In the North these new projects are threatening traditional basic industries. The promise of thousands of well-paid jobs for one or two decades from these international mining companies has to be weighed against the growth of tourism and nature’s capacity to attract visitors from all over Sweden.

“Tourism is a new basic industry that has created thousands of jobs over the last ten years. You have to take this into consideration when weighing up the exploitation plans of the mining companies against the unique natural environment, reindeer herding, unpolluted waters, leisure and outdoor activities. More parts of Sweden should be defined as areas of national interest for tourism, where nature and ecotourism are prioritised, along with environmental and cultural protection.

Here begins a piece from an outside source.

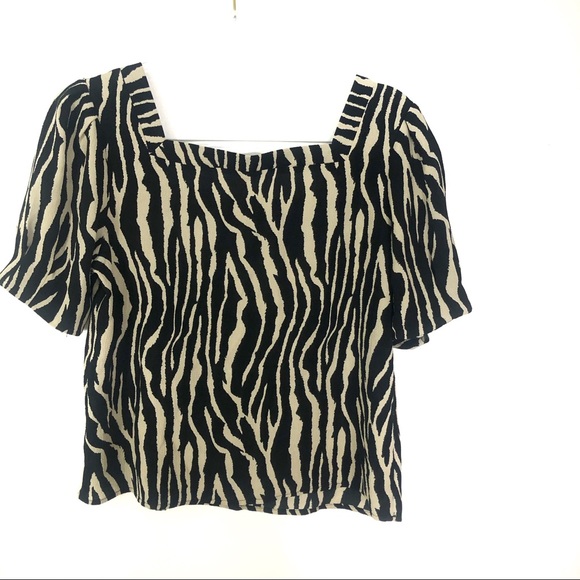 Timing Zebra Print Top - Picture 2 of 3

The unique landscape  around Laponia, now threatened by new mines, is definitely such an area,” declares Ulf Lovén, the General Secretary of the Swedish Ecotourism Society, adding:
“Nature and wilderness are Sweden’s greatest tourist attractions. An untouched and unexploited area like Laponia, surrounded by lakes, wetlands and high mountain forests has huge development potential, not only for local small-scale and labour-intensive tourism, but also as an iconic image for the whole of Sweden as an exciting destination for ecotourism. At a conservative estimate, tourism already generates hundreds of thousands of overnights stays and restaurant visits, and supports service industries throughout Sweden. This is an area with huge potential, in which hundreds of new, local, and sustainable jobs could be created in a dynamic and innovative segment of an industry with a promising future,” he concludes.

Recently the Swedish radio programme Kaliber broadcast 3 lengthy items about the Swedish mining boom and its consequences. These programmes provide a detailed picture of the current mining boom, the protests, the jobs market, the winners and losers, and future prospects for the North.